ZFS Optimal Array Size

So there I was looking at a pile of eight drives and an empty storage array, and wondering how to cofigure it for best performance under ZFS. “Everyone knows” the formula right? The best performance in a raidz array comes if you use 2^D+P drives. That’s to say your data drives should be a power of two (i.e. 2,4,8,16) plus however many redundant (parity) drives for the raidz level you desire. This is mentioned quite often in the Lucas book FreeBSD Mastery:ZFS; although it didn’t originate there I’ll call it the Lucas rule anyway

I have my own rule – redundancy should be two drives or 30%. Why? Well drives in an array have a really nasty habit of failing two at a time. It’s not sods law, it’s a real phenomenon caused by the stress of re-silvering shaking out any other drives that are “on the edge”. This means I go for configurations such as 4+2, 5+2, 6+2. From there on I go to raidz3 with 7+3, 8+3, 9+3. As there’s no raidz4, 12 drives is the limit – for 14 drives I’d have two vdevs (LUNs) of 5+2 each.

However, If you merge my rule with the Lucas rule the only valid sizes are 2+2 and 4+2 and 8+3. And I had just eight drives to play with.

I was curious – how was the Lucas rule derived? I dug out the book, and it doesn’t say. Anywhere. Having a highly developed suspicion of anything described as “best practice” I decided to test it on my rag-bag collection of drives in the Dell backplane, and guess what? No statistically significant difference.

Now the trouble with IT “best practice” guides is they’re written by technicians based on observation, not OS programmers who know how stuff actually works. The first approach has a lot of merit, but unless you know the reason for your observations you won’t know when the reason has become irrelevant. Unfortuantely, as an OS programmer, I now had a duty to figure out what this reason might have been.

After wading through the code and finding nothing much helpful, I did what I should have done first and considered the low-level disk layout. It’s actually quite simple.

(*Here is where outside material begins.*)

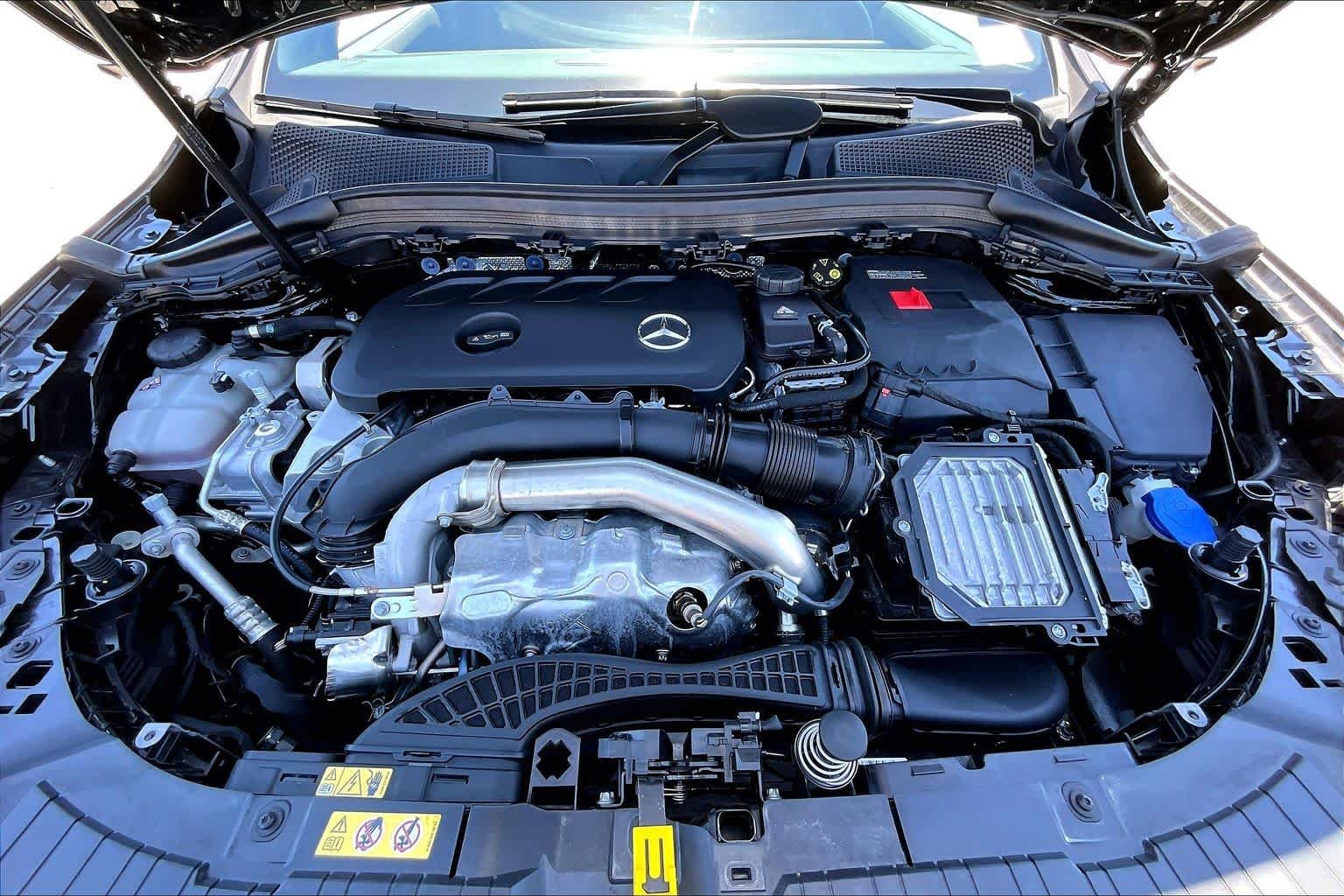 Used 2025 Night Black Mercedes-Benz GLA 250 image 32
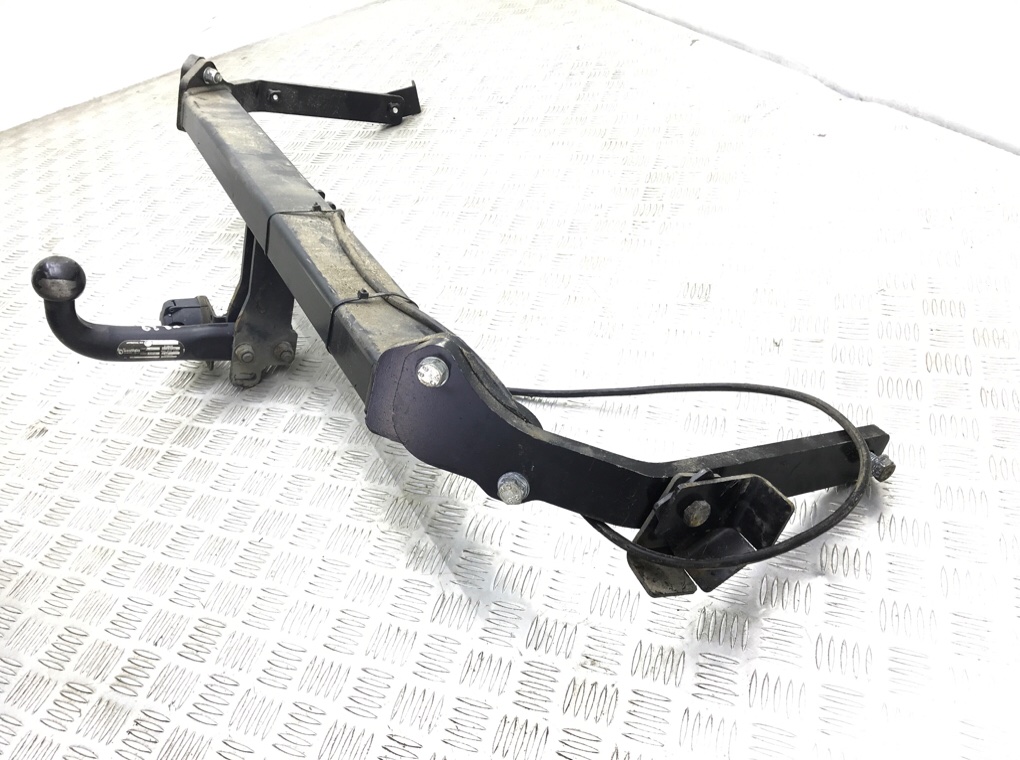 Прицепное устройство (фаркоп) для Mazda CX-7, 2008 г. 2.3 i бензин б/у — фото 3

Your stuff is written to disk in a series of blocks, right? In a striped array, each drive gets a block in turn to spread the load. No problem there. Well there will be a problem if your ZFS block size doesn’t match the block size on the drives, but that’s a complication I’m going to overlook – lets just assume you got that bit right.

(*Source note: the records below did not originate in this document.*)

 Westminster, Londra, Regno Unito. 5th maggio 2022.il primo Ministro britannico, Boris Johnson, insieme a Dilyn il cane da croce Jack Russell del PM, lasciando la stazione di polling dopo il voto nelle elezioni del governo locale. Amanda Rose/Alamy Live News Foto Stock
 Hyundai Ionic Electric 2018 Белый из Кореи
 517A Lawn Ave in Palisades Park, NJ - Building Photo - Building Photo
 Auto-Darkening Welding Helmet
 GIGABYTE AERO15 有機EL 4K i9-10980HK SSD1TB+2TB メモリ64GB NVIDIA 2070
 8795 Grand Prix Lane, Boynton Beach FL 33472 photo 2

So where does the optimal number of disks come from? I contend that on a striped vdev there never was one. The problem only comes when you add redundant drives.

I’m going to digress here to explain how error correcting data happens – in very simple terms. Suppose you have a sequence of numbers such as:

Please generate and paste your ad code here. If left empty, the ad location will be highlighted on your blog pages with a reminder to enter your code. Mid-Post

5 8 2 3

Each number is stored on a separate piece of paper, and to guard against loss you add a fifth number so that when you add them all up you get a total ending in zero. In this example, the total of the first 4 is 18. You can add an extra 2 to make the total 20, which ends in zero, so the fifth number is going to be 2.

5 8 2 3 2

Now, if we lose any one of those five numbers we can work out what it must have been – just work out which digit when added to the remaining four gives you a total ending in zero. For example, supposing ‘3’ when missing. Add up the remainder and you get 17. You need 3 more to get to a zero, so the missing number must be 3.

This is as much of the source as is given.